Folt then discussed USC achievements made in the past year, starting with the University’s handling of the coronavirus pandemic, such as more than 1 million tests administered and over 250 studies on the impact of the virus. 

“Our return to in-person activities is nearly complete,” Folt said. “We successfully ensured the health and safety of the USC community and millions of our fellow Angelenos … USC has been, and continues to be, among the leaders in higher education in terms of our COVID-19 response.”

The University became a member of the “billion-dollar club” for external research funding, Folt said, including a nearly $50 million grant addressing health needs in diverse communities.
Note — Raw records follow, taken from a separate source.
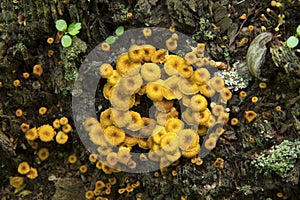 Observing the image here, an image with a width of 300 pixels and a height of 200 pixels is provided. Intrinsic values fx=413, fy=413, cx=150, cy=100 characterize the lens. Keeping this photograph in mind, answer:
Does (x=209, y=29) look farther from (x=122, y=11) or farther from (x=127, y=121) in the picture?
(x=127, y=121)

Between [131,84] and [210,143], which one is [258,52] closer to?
[210,143]

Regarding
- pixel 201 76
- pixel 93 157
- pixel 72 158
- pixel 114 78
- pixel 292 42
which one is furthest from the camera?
pixel 72 158

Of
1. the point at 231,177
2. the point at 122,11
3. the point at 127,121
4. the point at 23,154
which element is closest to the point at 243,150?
the point at 231,177

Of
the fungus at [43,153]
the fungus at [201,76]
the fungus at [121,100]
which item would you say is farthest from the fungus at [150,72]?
the fungus at [43,153]

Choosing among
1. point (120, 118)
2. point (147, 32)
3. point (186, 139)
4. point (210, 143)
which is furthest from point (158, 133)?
point (147, 32)

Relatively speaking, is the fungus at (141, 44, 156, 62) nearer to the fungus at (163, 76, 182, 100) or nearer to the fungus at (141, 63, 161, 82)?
the fungus at (141, 63, 161, 82)

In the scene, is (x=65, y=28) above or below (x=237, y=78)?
above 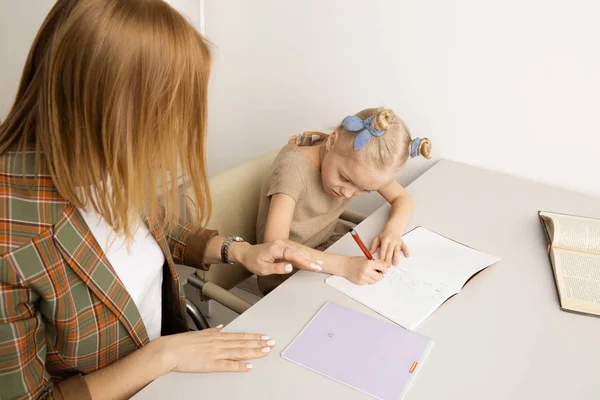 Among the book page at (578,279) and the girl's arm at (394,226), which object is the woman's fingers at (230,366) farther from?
the book page at (578,279)

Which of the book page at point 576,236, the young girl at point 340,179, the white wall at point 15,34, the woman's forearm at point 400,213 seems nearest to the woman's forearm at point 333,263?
the young girl at point 340,179

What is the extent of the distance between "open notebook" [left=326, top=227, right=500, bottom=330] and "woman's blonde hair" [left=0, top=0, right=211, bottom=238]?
53 cm

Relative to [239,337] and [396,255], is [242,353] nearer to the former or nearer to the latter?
[239,337]

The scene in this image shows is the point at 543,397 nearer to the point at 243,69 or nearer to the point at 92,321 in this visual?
the point at 92,321

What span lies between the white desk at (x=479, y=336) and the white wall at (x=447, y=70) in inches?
15.5

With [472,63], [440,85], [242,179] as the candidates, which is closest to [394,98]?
[440,85]

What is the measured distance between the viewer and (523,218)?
141 centimetres

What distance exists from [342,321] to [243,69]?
148cm

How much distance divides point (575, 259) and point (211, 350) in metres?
0.95

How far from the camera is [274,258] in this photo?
108 cm

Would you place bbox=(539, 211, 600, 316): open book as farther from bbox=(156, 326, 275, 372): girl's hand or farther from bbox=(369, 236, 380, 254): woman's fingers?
bbox=(156, 326, 275, 372): girl's hand

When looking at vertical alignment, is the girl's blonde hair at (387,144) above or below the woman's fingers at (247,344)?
above

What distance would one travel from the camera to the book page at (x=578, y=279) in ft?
3.45

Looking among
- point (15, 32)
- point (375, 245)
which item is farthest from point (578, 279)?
point (15, 32) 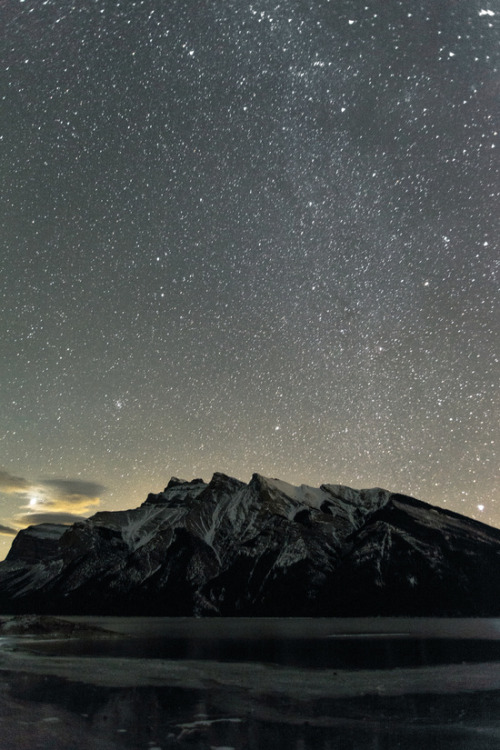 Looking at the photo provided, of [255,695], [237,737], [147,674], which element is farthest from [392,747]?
[147,674]

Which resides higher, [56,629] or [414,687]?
[414,687]

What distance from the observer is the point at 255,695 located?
31.4m

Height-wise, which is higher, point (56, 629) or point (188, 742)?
point (188, 742)

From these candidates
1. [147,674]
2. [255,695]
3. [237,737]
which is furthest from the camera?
[147,674]

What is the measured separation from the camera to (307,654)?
65125 mm

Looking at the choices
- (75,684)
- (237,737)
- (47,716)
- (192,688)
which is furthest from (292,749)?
(75,684)

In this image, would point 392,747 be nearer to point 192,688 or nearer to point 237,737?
point 237,737

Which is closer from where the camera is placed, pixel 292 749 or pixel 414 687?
pixel 292 749

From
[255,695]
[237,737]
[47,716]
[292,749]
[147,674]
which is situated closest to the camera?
[292,749]

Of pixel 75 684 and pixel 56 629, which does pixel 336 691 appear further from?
pixel 56 629

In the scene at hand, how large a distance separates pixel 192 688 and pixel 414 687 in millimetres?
13986

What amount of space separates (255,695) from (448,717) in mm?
11058

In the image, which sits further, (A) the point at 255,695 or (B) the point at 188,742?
(A) the point at 255,695

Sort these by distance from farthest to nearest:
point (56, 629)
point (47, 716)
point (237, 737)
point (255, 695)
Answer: point (56, 629) → point (255, 695) → point (47, 716) → point (237, 737) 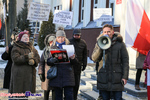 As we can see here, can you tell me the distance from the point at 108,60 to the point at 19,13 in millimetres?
53226

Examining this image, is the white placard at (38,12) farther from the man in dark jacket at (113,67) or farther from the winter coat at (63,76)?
the man in dark jacket at (113,67)

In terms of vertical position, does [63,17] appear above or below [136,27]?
above

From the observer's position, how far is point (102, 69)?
4719mm

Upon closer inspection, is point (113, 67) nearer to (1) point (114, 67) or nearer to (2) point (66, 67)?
(1) point (114, 67)

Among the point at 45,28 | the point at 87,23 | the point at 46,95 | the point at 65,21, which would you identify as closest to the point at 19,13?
the point at 45,28

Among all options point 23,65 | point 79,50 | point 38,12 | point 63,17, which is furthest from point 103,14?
point 23,65

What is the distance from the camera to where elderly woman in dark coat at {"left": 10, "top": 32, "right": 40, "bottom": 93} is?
5480 mm

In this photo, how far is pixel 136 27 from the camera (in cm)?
520

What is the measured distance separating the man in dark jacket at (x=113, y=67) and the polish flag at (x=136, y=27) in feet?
1.69

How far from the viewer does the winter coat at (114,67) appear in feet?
15.3

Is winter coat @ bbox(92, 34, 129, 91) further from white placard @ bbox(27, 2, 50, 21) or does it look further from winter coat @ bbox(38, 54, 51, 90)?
white placard @ bbox(27, 2, 50, 21)

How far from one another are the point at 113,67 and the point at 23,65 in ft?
6.29

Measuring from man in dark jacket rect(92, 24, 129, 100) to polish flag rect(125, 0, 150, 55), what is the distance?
0.52 meters

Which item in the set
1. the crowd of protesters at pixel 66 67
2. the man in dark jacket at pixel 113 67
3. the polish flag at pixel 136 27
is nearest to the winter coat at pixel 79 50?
the crowd of protesters at pixel 66 67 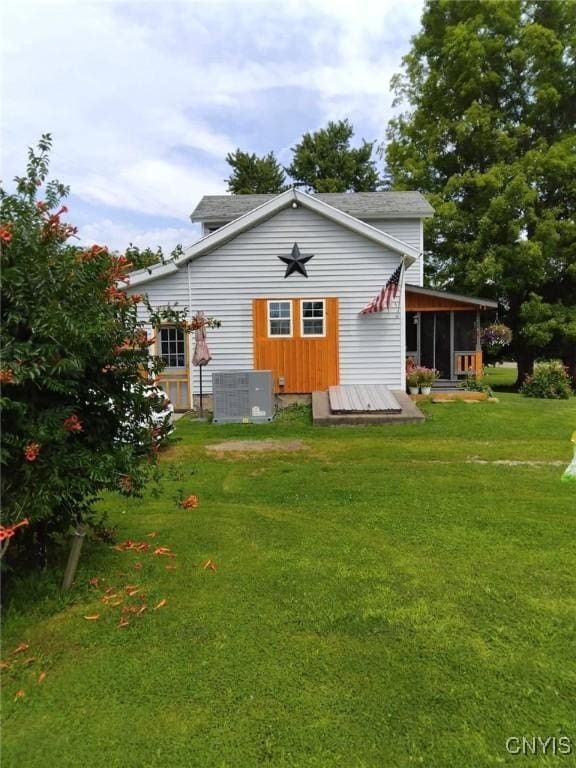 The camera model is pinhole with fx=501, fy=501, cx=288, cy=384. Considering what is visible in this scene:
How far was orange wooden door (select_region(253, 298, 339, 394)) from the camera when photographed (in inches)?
493

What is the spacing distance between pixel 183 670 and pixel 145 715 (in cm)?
32

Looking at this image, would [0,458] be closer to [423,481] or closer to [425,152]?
[423,481]

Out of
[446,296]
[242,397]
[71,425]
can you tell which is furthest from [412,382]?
[71,425]

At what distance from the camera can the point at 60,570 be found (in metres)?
3.64

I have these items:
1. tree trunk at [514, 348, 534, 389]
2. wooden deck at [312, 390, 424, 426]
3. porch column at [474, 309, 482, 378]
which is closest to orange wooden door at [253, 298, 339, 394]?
wooden deck at [312, 390, 424, 426]

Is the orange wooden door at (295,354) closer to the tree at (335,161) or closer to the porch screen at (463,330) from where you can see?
the porch screen at (463,330)

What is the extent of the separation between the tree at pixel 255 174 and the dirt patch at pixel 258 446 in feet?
97.8

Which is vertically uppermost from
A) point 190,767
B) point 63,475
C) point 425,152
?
point 425,152

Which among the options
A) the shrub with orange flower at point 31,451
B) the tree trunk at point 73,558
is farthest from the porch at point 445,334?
the shrub with orange flower at point 31,451

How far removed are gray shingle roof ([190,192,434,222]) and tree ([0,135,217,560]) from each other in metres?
13.1

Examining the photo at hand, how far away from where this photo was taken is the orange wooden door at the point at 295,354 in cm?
1252

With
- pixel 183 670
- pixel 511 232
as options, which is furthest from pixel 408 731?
pixel 511 232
“In all of these endeavors, it is really impressive to see how strongly everyone kept pushing their scholarship, their research, their creative work, even under the most trying conditions of the pandemic,” Folt said.

Folt transitioned into her “moonshot goals” for the future of USC. Her first goal, USC Competes, aims to make USC a national leader in accessibility, affordability and belonging by increasing financial aid and investing in the local community. Her second goal, to transform USC’s health sciences, will look to grow investments in medical training and practice.

Another moonshot initiative emphasizes the financial success of the athletics department and its impact on USC students and the Los Angeles community. The final moonshot goal, called the Frontiers of Computing, is a 10-year initiative to accelerate advanced computing research and training in the USC community.

“Sixty-seven percent of today’s workers, it’s calculated, lack the digital skills for their job,” Folt said. “USC certainly can help fill that gap by innovating our academic programs, becoming the largest source of diverse tech talent on the west coast with trust and ethics as a core part of the curriculum that we produce.”

Folt ended her address with a Q&A session, where an attendee asked for Folt to expand on the importance of the recent social initiatives on campus, specifically the renaming of the Dr. Joseph Medicine Crow building.

“Often, these things take years before you realize how it affected you,” said Folt. “But later when you think about points of pride in your University, it’s awfully nice to be excited that we’re one of the first places in America to have a Native American name on a building that is central to our campus.”

When asked to describe the current generation of students on campus in one word, Folt responded with “impatient.”

“If you don’t have impatience, you’re not going to make any change,” she said. “They want to give back. They want to know why and they want to be a part of it … You walk around USC and every student you meet has a very big dream. They truly imagine that they are going to do some really awesome stuff. And that’s a huge positive energy for the community.”